Your dd sounds quite a bit like my older dd (age 11 now) right down to the amazing memory & great small motor skills and slower gross motor skills. Mine, however, wasn't reading as early as yours but she really took off once she did. I have a few thoughts.

First, I would personally not move her to the more academic kindergarten. She will already know the material and probably be frustrated with the stress on academics she has already mastered.

In our area, too, we have a lot of kids who are held out for K and are quite a bit older as a result. Both of my girls have late summer/fall bds and are much younger. I don't regret starting them when I did even if their grade peers are sometimes 18 months+ older than they are. Dd#1 wound up skipping 5th grade, so she is 2-2.5 yrs younger than some of the kids in her grade at this point. Although some are still just a year or so older.

We are moving more in the direction of homeschooling at this point. Dd#2 is supplementing at home/partially hsing and we are researching hsing for the year after next when they hit middle school and high school respectively. This is, of course, not the only route and may not be the one for your family or dd.

The worst year dd#1 had in school was first grade. This is the reason I'm advising not going toward the schooling with a greater emphasis on academics. Dd#1's first grade was a pressure cooker with flash cards for sight words & math facts, timed tests for math facts, and copious amounts of repetition in the form of repeated readings of the same books to gain fluency, writing spelling words over and over and in sentences to memorize them, etc. She totally fell apart, worked very slowly, missed recess to complete work, and started telling me that she wished she had never been born.

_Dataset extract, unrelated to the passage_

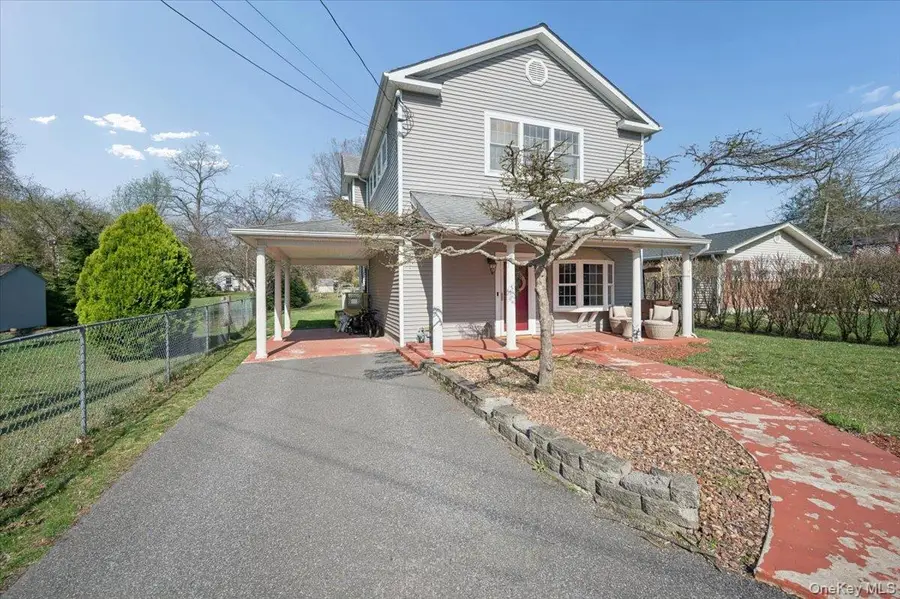 25 Hollis Street, Highland Mills, NY 10930 - #2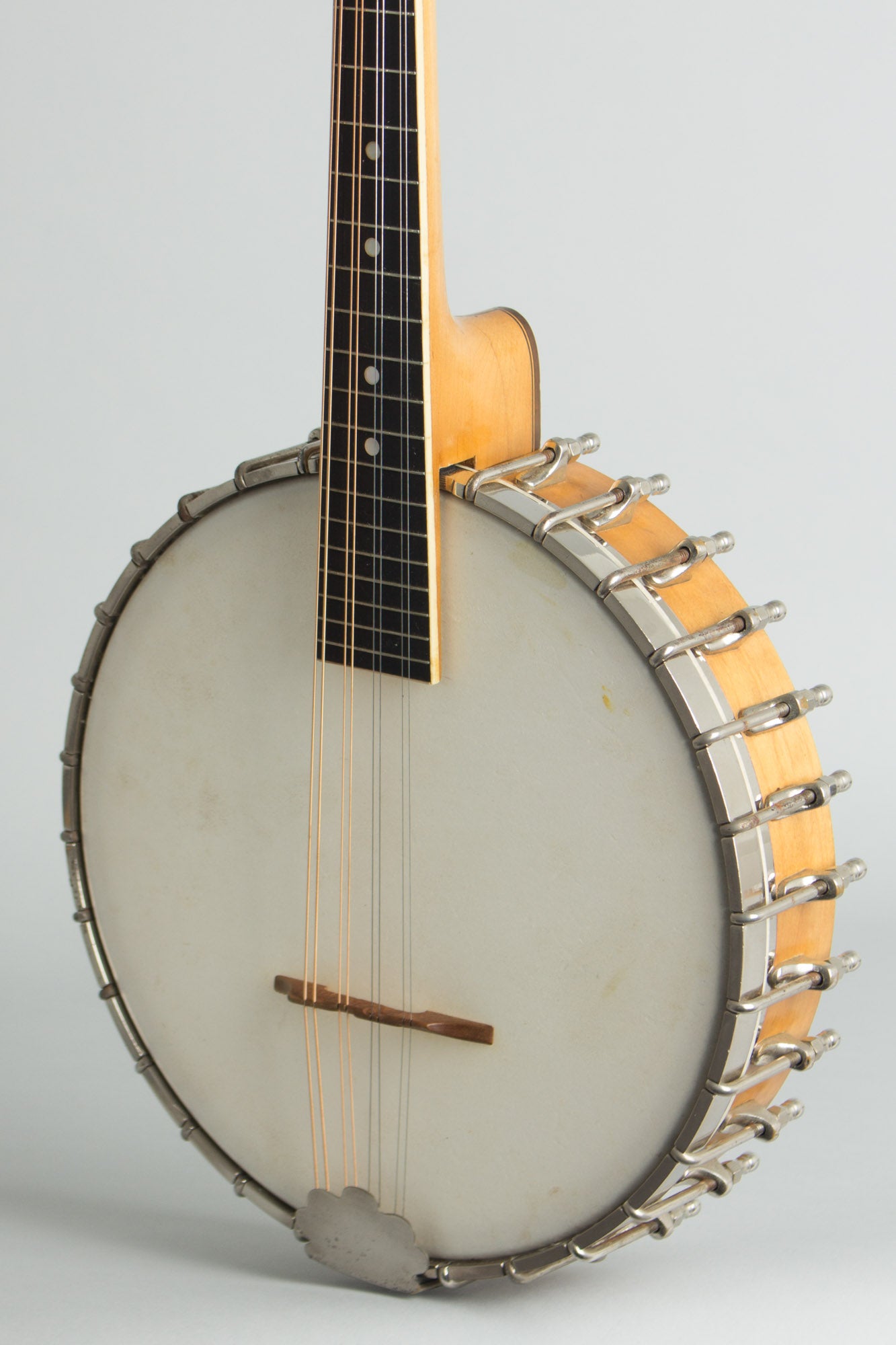 Vega Fairbanks Little Wonder Mandolin Banjo (1911)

She knew the material but was too young at 6 to cope with being drilled over and over on things she already knew. I doubt that a more academic focused K program is going to be academically appropriate for the degree of advancement that you describe. It is probably just going to be a higher pressured environment with more testing, more focus on learning the fundamentals and getting many of the kids above grade level (but still less ahead than your dd already is).

I'd stick with the play based program for pre-K and K and then reevaluate in 1st. At that point, your best bets are probably going to be a more academic program with significant subject acceleration (sending her to a higher grade classroom for certain subjects including language arts), homeschooling, skipping a grade, or a self contained gifted program that isn't just a high achiever program but a program designed for kids who learn differently.